### Your instructions
Search the data for the word "Stainless". Reproduce every line where it is found.
___ Dataset content
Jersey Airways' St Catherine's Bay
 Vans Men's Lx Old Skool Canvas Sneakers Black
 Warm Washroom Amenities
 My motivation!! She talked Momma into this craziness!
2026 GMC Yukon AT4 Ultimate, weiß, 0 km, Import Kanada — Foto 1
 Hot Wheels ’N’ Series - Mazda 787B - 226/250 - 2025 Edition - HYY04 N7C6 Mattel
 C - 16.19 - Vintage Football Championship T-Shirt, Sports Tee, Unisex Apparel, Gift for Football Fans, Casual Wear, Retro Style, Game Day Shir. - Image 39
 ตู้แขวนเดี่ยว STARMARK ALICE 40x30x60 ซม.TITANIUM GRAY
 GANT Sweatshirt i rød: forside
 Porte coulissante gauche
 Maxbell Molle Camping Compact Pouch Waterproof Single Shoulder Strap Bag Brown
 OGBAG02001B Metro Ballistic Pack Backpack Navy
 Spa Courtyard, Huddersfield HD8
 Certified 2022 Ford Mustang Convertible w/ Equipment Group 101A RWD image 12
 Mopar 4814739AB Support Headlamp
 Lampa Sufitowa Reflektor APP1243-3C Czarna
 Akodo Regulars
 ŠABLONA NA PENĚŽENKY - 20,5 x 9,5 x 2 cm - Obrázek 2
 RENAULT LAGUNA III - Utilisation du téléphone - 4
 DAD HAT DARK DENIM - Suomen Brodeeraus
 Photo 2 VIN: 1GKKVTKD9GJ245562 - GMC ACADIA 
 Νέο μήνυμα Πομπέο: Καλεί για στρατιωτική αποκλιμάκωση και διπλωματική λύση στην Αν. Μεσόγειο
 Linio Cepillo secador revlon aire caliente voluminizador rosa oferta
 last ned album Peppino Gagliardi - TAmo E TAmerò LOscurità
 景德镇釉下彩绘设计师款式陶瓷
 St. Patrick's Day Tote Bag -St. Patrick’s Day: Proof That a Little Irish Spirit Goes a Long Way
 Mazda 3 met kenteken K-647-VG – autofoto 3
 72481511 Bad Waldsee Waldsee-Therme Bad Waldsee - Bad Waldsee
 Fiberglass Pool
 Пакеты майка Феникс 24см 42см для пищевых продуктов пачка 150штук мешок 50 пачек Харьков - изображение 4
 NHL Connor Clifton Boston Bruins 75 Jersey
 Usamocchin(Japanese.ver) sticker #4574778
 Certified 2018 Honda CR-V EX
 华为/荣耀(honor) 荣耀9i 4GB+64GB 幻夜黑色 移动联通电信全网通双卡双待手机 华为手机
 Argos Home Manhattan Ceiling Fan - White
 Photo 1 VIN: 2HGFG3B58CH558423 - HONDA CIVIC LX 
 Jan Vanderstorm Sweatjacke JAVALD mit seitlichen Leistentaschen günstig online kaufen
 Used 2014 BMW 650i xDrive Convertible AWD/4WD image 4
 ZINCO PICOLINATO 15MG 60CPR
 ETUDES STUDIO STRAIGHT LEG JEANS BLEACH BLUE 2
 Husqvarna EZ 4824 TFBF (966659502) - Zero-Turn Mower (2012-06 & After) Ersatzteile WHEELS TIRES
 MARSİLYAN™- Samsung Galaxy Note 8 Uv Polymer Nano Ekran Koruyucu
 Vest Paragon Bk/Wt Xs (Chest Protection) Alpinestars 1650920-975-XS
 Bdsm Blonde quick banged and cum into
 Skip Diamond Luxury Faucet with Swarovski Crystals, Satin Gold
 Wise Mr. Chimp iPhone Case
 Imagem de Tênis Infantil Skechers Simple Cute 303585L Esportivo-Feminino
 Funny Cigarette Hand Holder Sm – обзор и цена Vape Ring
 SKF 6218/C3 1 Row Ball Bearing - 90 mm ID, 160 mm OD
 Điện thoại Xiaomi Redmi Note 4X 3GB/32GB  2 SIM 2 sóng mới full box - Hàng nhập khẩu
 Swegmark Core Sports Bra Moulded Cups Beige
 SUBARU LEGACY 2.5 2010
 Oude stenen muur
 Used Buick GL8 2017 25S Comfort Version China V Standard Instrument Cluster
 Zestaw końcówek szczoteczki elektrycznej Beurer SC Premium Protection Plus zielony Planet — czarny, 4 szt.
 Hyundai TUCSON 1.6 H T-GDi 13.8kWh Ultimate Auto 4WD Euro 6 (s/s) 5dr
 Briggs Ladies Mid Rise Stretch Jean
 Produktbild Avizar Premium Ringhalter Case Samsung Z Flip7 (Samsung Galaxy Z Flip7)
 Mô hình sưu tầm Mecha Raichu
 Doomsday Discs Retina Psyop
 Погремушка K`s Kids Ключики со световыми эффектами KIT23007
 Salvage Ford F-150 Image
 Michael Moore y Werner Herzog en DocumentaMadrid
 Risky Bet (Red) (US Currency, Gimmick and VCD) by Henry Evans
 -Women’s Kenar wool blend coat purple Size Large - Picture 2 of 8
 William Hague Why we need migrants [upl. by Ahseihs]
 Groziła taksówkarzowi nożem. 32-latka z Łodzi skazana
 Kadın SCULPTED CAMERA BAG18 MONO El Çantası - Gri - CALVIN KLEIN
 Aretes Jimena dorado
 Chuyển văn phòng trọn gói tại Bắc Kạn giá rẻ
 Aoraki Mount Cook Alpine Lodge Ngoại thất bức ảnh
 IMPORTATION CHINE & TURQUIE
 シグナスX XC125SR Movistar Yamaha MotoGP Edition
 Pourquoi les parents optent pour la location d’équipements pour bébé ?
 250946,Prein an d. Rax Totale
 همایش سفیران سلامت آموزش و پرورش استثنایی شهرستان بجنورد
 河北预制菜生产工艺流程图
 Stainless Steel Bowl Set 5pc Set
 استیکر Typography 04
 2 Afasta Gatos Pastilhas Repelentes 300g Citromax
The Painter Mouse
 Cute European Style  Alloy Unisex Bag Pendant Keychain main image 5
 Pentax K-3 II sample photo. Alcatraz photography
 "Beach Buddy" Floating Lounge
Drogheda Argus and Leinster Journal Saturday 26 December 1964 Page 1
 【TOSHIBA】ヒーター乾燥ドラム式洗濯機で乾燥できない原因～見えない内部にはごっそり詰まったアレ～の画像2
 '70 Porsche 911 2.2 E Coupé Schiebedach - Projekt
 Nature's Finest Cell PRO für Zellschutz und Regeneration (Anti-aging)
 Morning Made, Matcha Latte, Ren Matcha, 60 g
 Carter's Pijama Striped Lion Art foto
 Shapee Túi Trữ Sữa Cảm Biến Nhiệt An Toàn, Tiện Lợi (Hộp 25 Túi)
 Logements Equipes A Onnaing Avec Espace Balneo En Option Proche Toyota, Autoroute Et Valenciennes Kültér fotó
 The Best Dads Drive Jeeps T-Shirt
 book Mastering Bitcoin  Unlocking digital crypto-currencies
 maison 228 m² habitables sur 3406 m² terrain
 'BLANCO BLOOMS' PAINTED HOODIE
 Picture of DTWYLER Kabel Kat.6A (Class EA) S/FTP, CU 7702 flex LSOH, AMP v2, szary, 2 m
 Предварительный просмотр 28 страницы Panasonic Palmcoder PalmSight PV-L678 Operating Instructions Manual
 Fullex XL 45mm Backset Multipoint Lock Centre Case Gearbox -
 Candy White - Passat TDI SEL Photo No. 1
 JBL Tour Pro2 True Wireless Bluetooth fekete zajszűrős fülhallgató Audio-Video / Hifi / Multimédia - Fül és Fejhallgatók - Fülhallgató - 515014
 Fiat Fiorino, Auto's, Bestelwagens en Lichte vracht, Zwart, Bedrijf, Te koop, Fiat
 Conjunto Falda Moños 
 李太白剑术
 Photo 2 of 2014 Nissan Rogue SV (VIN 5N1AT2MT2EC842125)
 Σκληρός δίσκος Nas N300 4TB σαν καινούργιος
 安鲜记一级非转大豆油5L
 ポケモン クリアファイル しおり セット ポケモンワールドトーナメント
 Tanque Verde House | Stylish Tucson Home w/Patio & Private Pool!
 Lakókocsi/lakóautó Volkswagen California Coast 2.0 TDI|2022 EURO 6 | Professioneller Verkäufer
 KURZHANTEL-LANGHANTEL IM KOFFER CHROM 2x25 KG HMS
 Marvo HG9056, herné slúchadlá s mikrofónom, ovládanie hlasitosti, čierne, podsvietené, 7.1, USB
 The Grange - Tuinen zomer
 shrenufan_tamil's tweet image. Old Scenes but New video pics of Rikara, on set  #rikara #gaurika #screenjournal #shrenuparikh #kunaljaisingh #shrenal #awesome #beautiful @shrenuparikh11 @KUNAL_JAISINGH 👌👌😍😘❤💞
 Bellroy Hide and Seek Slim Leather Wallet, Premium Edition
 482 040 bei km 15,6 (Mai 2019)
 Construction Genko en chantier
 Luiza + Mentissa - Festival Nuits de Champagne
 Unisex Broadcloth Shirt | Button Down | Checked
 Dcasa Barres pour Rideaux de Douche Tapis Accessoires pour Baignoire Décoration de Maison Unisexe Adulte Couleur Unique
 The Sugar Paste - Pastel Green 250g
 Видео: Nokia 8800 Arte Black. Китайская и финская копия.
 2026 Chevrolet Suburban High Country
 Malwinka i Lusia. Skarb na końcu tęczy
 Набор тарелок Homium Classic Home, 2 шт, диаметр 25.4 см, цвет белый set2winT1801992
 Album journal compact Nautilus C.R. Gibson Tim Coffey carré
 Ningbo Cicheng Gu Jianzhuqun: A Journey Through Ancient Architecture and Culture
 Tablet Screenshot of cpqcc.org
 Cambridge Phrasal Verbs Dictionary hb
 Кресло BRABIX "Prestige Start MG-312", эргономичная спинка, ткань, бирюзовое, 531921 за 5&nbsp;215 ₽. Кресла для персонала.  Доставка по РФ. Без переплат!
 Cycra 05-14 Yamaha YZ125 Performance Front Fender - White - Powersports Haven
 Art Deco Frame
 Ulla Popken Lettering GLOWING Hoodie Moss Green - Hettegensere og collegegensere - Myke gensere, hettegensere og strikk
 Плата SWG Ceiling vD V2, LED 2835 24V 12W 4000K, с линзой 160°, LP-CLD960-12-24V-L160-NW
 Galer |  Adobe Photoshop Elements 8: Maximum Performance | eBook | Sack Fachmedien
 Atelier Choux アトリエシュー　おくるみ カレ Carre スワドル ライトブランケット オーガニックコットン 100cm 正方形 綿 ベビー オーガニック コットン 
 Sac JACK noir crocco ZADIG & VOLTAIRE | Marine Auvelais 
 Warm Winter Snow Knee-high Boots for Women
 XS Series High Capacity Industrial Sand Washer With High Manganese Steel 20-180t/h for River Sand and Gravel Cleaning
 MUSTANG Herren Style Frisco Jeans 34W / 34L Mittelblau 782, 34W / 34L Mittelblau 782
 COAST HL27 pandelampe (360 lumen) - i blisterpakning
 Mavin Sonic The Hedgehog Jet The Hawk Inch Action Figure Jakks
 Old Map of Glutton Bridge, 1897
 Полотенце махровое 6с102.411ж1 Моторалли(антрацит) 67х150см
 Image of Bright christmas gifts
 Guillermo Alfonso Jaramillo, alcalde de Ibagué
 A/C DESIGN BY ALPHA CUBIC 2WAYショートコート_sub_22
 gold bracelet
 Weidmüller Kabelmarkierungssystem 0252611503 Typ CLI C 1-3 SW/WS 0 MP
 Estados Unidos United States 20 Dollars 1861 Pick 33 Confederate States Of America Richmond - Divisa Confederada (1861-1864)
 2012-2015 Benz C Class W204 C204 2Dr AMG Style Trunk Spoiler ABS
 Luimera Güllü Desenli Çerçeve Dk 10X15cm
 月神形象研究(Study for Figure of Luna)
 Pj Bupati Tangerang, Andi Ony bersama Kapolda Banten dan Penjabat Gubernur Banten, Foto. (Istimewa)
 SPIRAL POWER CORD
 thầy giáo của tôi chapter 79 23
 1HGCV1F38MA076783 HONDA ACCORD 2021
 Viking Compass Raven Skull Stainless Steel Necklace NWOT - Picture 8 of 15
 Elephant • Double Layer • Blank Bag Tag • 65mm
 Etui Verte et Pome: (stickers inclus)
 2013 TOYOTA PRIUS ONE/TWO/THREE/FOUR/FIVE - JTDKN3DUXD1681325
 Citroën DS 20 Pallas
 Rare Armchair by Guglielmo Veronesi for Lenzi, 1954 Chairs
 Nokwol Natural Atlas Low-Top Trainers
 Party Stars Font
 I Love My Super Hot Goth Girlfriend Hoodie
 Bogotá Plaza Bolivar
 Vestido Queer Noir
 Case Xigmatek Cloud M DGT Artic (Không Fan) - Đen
______
### Answer section
 Stainless Steel Bowl Set 5pc Set
 Viking Compass Raven Skull Stainless Steel Necklace NWOT - Picture 8 of 15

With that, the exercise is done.